Diese Idee verärgerte Fico, der erklärte: “Welcher Narr würde uns Gas umsonst geben?” Seiner Meinung nach würde sich die Unterbrechung des Transits negativ auf die gesamte Europäische Union auswirken und zu höheren Gaspreisen führen. Wenn Kiew kein russisches Gas in die Slowakei durchlasse, könne es zu einem ernsthaften Konflikt zwischen den beiden Ländern kommen.
“Es ist kein Zufall, dass Selenskij in politische Konflikte mit einigen EU- und NATO-Mitgliedstaaten gerät. Dies gilt insbesondere für die Slowakei und Ungarn”, meint Wladimir Skatschko, Kolumnist des Portals Ukraina.ru. Seiner Meinung nach werde sich ein “Zusammenstoß” zwischen Bratislava und Kiew negativ auf die Aussichten der Ukraine auf einen EU-Beitritt auswirken.

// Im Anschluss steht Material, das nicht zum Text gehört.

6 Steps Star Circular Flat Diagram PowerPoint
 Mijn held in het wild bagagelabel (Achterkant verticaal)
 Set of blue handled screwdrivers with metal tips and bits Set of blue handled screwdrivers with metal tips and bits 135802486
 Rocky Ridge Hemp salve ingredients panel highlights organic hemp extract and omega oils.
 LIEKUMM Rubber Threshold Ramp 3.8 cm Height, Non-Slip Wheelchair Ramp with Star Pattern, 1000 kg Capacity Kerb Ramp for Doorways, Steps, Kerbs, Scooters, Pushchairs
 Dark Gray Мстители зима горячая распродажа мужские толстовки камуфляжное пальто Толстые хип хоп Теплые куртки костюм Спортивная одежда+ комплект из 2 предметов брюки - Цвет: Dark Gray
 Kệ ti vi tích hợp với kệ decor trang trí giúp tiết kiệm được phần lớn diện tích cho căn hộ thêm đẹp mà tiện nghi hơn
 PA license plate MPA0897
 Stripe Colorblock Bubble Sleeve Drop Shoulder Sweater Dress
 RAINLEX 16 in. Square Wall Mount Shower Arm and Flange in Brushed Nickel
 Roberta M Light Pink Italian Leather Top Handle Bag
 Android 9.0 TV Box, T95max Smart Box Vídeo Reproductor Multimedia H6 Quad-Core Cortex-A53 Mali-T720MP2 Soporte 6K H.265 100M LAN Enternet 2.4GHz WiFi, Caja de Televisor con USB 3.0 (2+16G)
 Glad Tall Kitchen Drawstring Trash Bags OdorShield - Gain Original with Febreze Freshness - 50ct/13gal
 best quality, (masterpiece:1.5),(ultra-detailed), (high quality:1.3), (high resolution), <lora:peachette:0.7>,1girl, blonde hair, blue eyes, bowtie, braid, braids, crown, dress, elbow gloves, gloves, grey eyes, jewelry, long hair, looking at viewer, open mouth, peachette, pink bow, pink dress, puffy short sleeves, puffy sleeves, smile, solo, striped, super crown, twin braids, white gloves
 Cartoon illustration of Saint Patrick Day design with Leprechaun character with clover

“In den Statuten der Organisation ist das Prinzip des Konsenses bei der Aufnahme neuer Teilnehmer verankert. Wenn die Frage der Ukraine auf der Tagesordnung steht, werden zumindest Budapest und Bratislava alle möglichen Entscheidungen blockieren. Selenskij kann das nicht übersehen, aber er setzt seine Angriffe auf Fico fort”, so Skatschko weiter.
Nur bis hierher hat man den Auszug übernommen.